- [EXERCISE PROMPT]:
Each line from the one containing "Liverpool Sisters book" to the end of the entries below is to be set down exactly; the pictures are not.

- [RECORDS PROVIDED]:
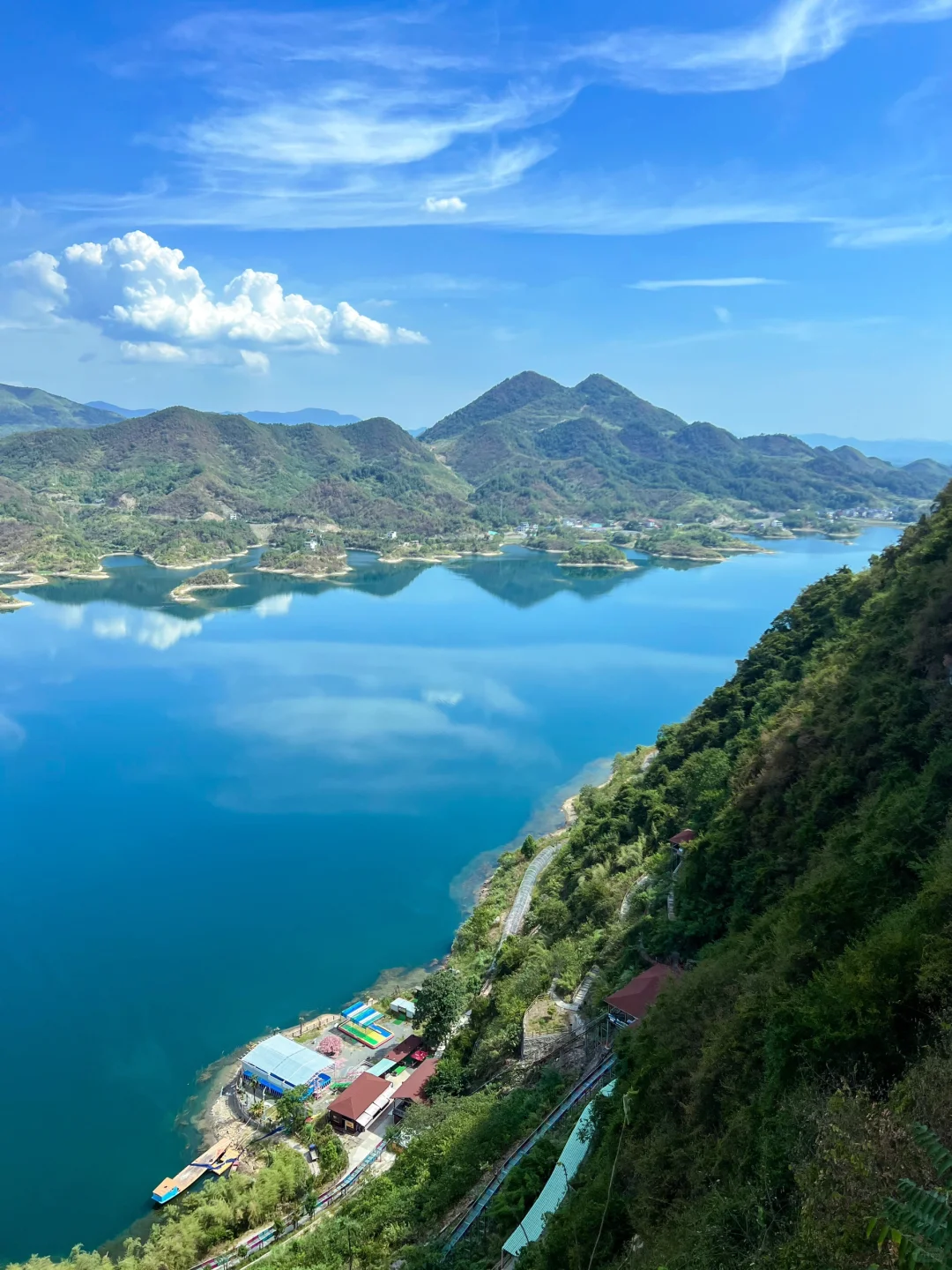 武汉出发2h抵达/9️⃣个短途小众旅游地推荐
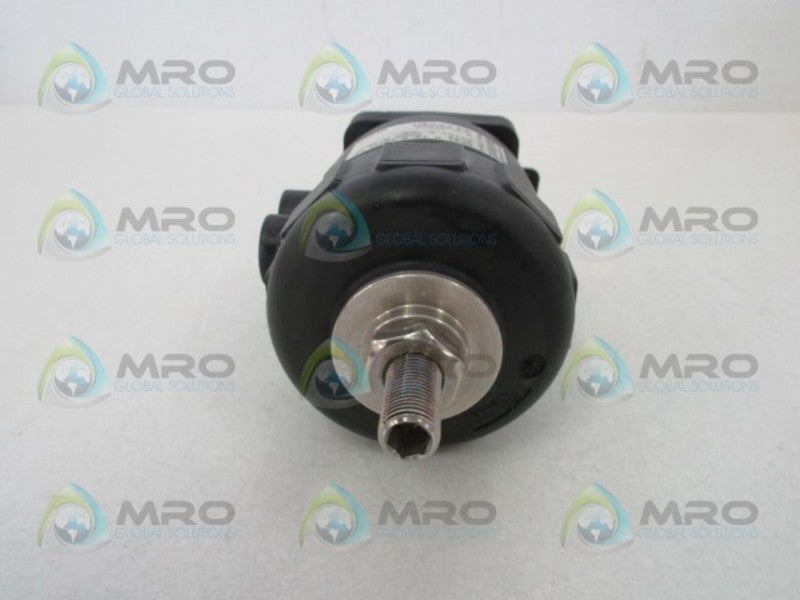 BURKERT 2031A15,0EPDMVG SOLENOID VALVE  UNMP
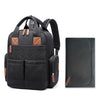 Fashionable Nappy Backpack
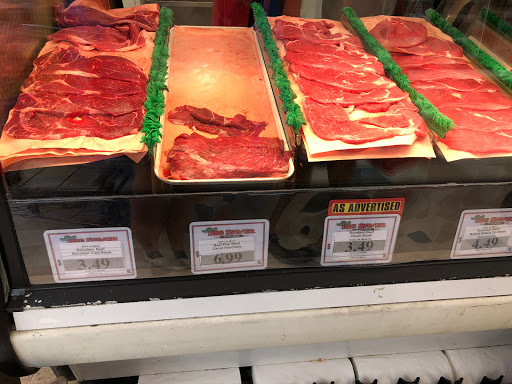 Grocery Store «Big Saver Foods», reviews and photos, 16000 Woodruff Ave, Bellflower, CA 90706, USA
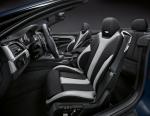 BMW M4 Convertible 30 Jahre Edition 2018 года (WW)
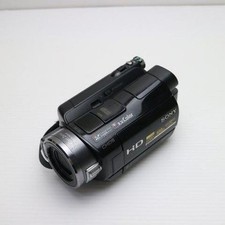 SONY HDR-SR8 HandyCam HDD Digital High Vision Video Camera Handy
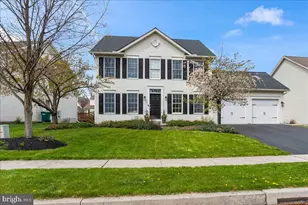 1939 Creek Hollow Ln, Hershey, PA 17033 - Photo 38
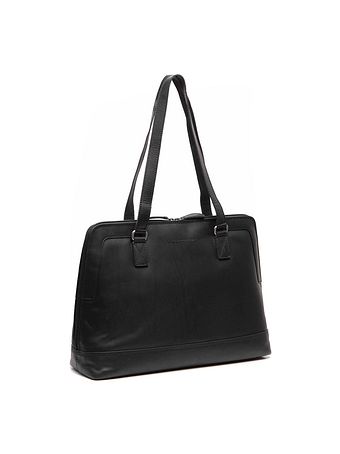 The Chesterfield Brand Elvar Nákupní taška Kůže 38 cm Kapsa na notebook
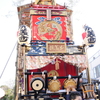佐倉の祭り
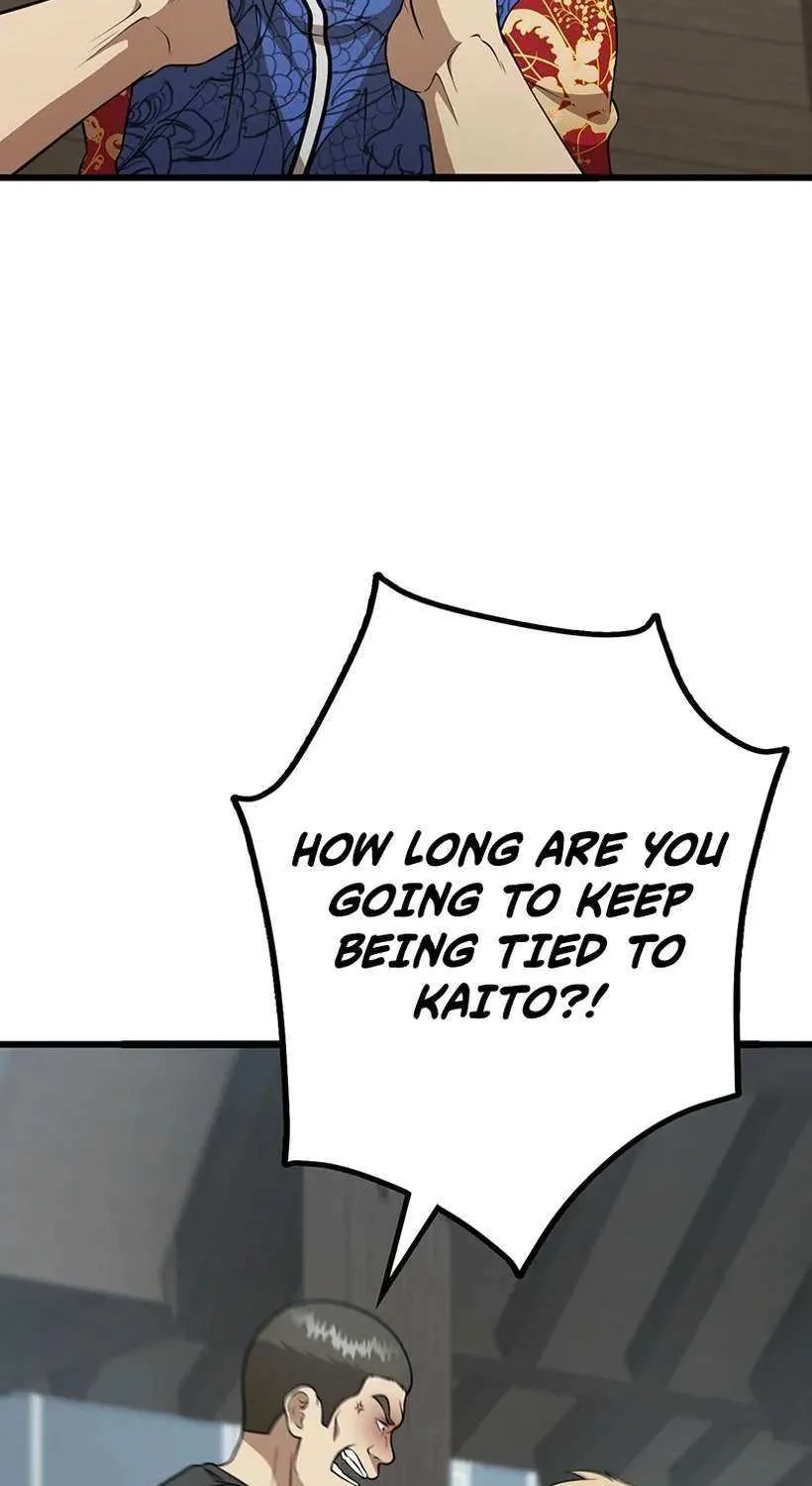 Fighting App: Level Up or Get Beat Down Chapter 25 page 81 - 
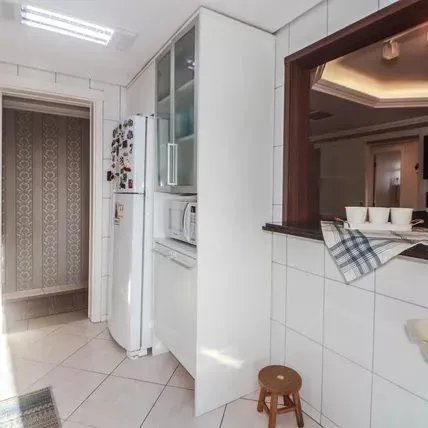 Imagem Vende-se apartamento com 2 quartos (1 suíte), 79m² e 2 vagas - São Geraldo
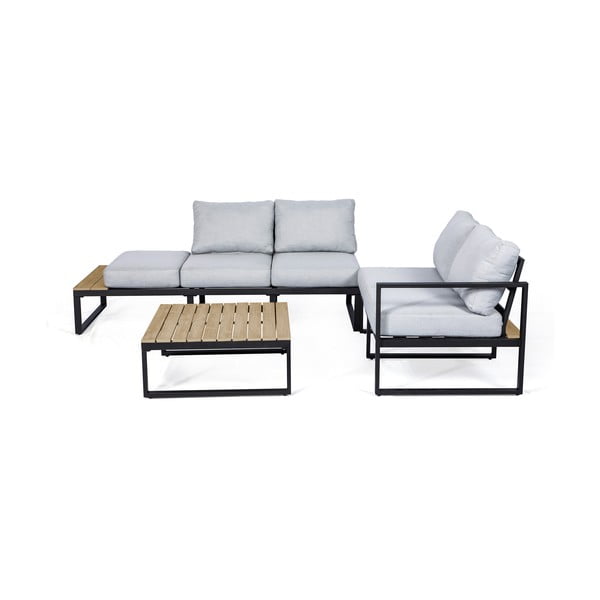 Set mobilier de grădină Bonami Selection Palma-image-1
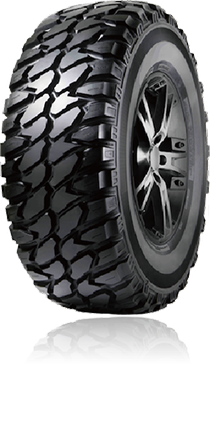 31105015 LT LRC 6P 109Q SUNFULL MT781 (MUD TERRAIN)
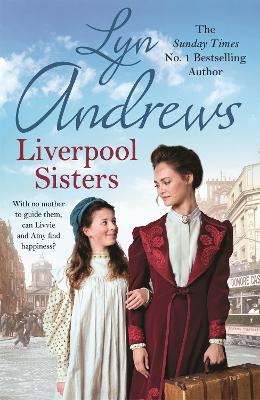 Liverpool Sisters book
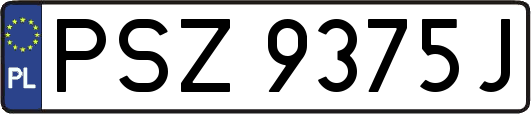 PSZ9375J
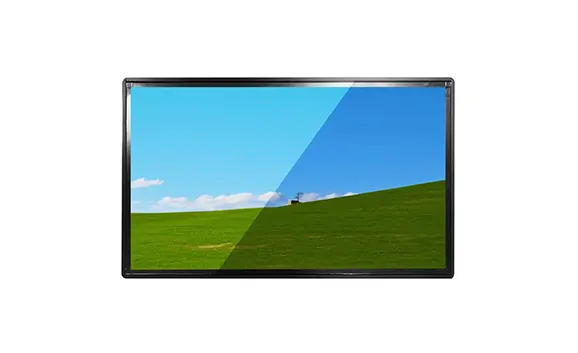 Màn hình công nghiệp AMG-43IPTE01N1
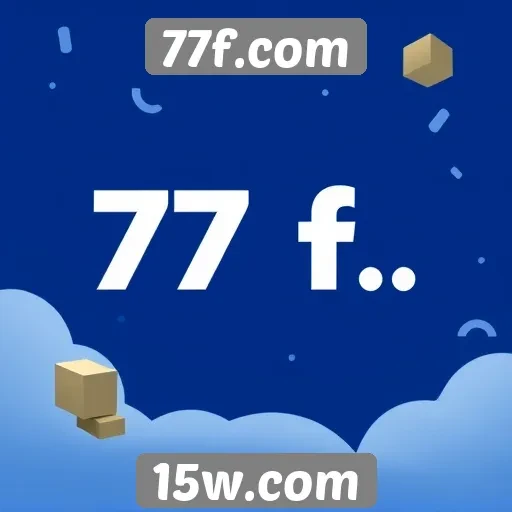 Apostas seguras e confiáveis no 77f.com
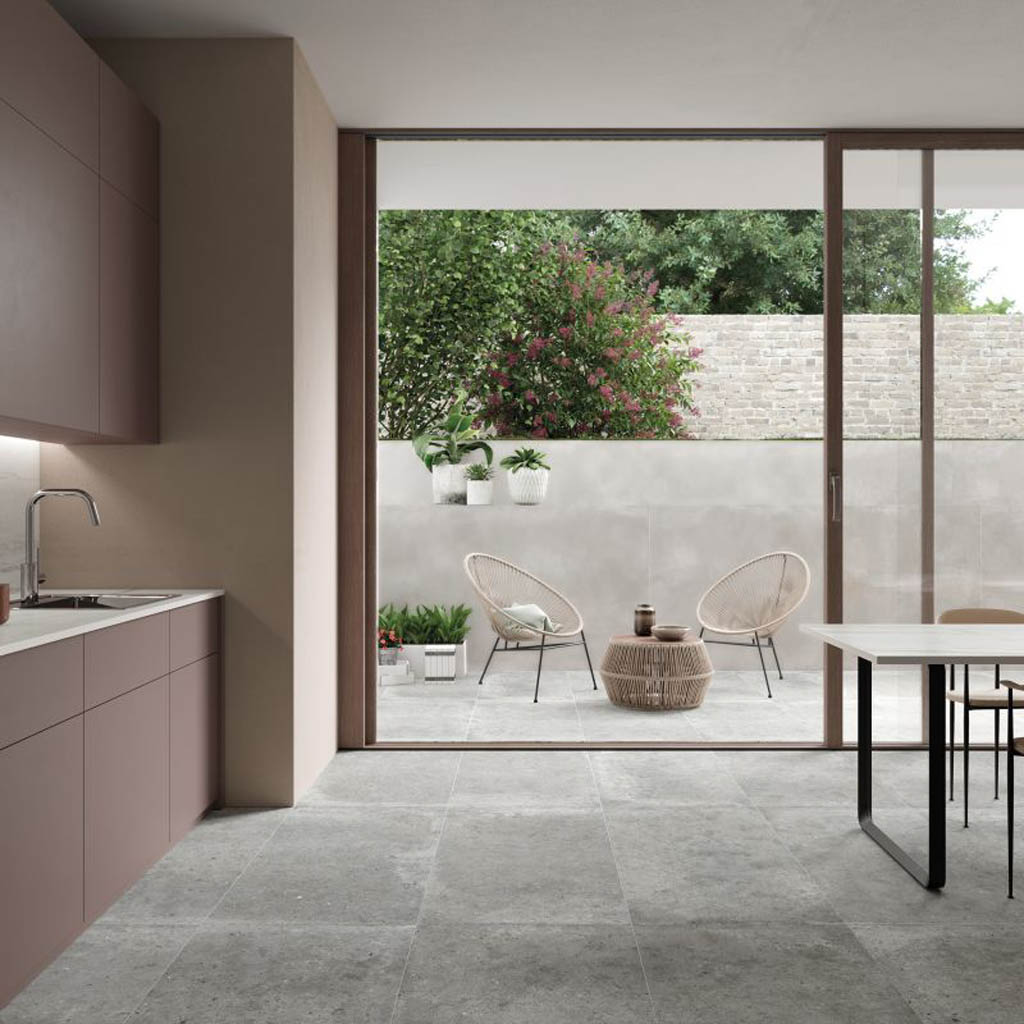 Desvres Ariana Plein Air Kőhatású járólap | Csempék és Járólapok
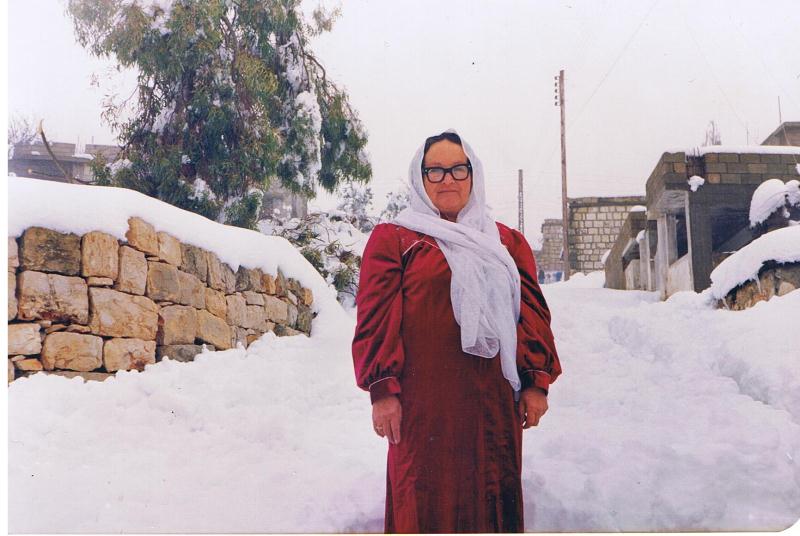 ست الحبايب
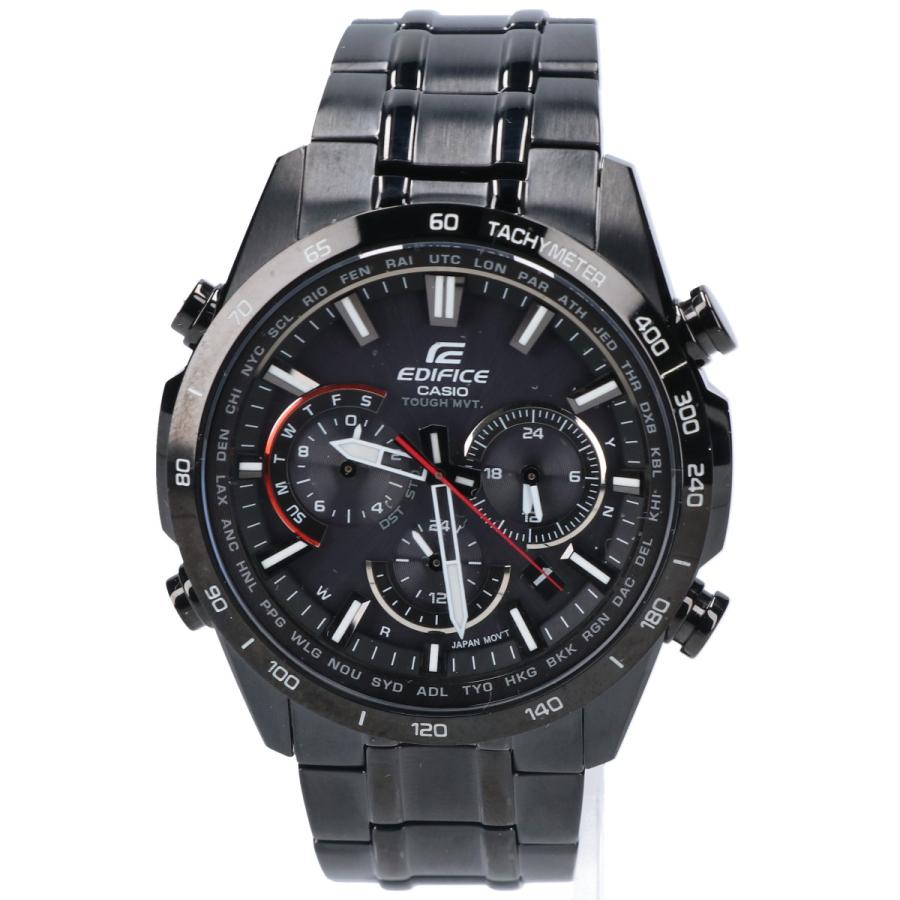 CASIO (カシオ)【EDIFICE】 EQW-T650DC-1AJF CASIO（カシオ） 新品/ EQW-T650DC-1AJF EDIFICEエディフィス ナロー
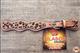 BHPS113-Spur Strap Leopard Hair On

- [ANSWER SECTION]:
 Liverpool Sisters book
 PSZ9375J
 Màn hình công nghiệp AMG-43IPTE01N1
 Apostas seguras e confiáveis no 77f.com
 Desvres Ariana Plein Air Kőhatású járólap | Csempék és Járólapok
 ست الحبايب
 CASIO (カシオ)【EDIFICE】 EQW-T650DC-1AJF CASIO（カシオ） 新品/ EQW-T650DC-1AJF EDIFICEエディフィス ナロー
 BHPS113-Spur Strap Leopard Hair On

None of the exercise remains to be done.